Music by Tom Kitt, lyrics by Amanda Green and book by David Lindsay-Abaire, based on the novel by Nick Hornby
High Fidelity has had a strange, transatlantic history. It started life as a lad’s novel set in London and written by Brit Nick Hornby almost 25 years ago.
In 2000, the book was then translated to the big screen and a Chicago location, before this musical version enjoyed a severely truncated Broadway run of only 13 performances. At that point, Rob’s music store was located in Brooklyn.
19 years later, the brand-new Turbine Theatre in a corner of the fast-regenerating Battersea Power Station has commissioned a London première relocated back home in the Holloway Road.
Although the stage space is really too cramped for a cast of 11, supplemented from on high by a lively rock band, director Tom Jackson Greaves works wonders.
The underlying story sounds like something out of a downbeat Smiths song. Oliver Ormson’s Rob owns what one of the evening’s best songs describes as “The Last Real Record Store”, charmingly recreated by designer David Shields using every old record sleeve that he could find.

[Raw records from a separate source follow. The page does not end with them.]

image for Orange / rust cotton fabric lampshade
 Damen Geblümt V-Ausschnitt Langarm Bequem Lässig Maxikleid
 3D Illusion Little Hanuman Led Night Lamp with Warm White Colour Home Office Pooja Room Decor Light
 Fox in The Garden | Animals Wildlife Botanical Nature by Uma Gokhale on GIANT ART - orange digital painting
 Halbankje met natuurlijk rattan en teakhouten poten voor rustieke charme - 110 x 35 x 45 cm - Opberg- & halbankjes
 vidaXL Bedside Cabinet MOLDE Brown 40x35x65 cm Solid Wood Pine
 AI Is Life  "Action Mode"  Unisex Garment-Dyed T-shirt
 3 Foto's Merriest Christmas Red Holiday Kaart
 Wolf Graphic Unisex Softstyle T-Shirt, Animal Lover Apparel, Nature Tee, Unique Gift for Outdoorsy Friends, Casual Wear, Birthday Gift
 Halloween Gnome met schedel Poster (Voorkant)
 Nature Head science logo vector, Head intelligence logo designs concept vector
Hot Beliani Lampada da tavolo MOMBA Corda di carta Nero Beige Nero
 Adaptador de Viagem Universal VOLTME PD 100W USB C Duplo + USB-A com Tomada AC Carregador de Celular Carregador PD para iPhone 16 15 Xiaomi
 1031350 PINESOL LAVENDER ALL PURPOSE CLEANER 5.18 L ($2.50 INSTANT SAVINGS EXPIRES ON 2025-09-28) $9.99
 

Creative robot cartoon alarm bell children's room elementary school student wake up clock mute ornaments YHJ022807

Obsessive Rob effectively runs this business disaster as a charity for losers, including his two friends / part-time employees Dick and Barry (Carl Au and Robbie Durham). In addition, the shop that makes no sales and looks down on those with middle-of-the-road tastes happily acts as a refuge for stray music lovers.
Ignoring its woes, the main thread running through the tale is initiated when Laura, played by Shanay Holmes, decides to leave Rob. Frankly, the surprise for most readers / viewers would have been that this bright, gorgeous young woman would ever have had anything to do with a man permanently sunk in the depths of artificially-generated gloom.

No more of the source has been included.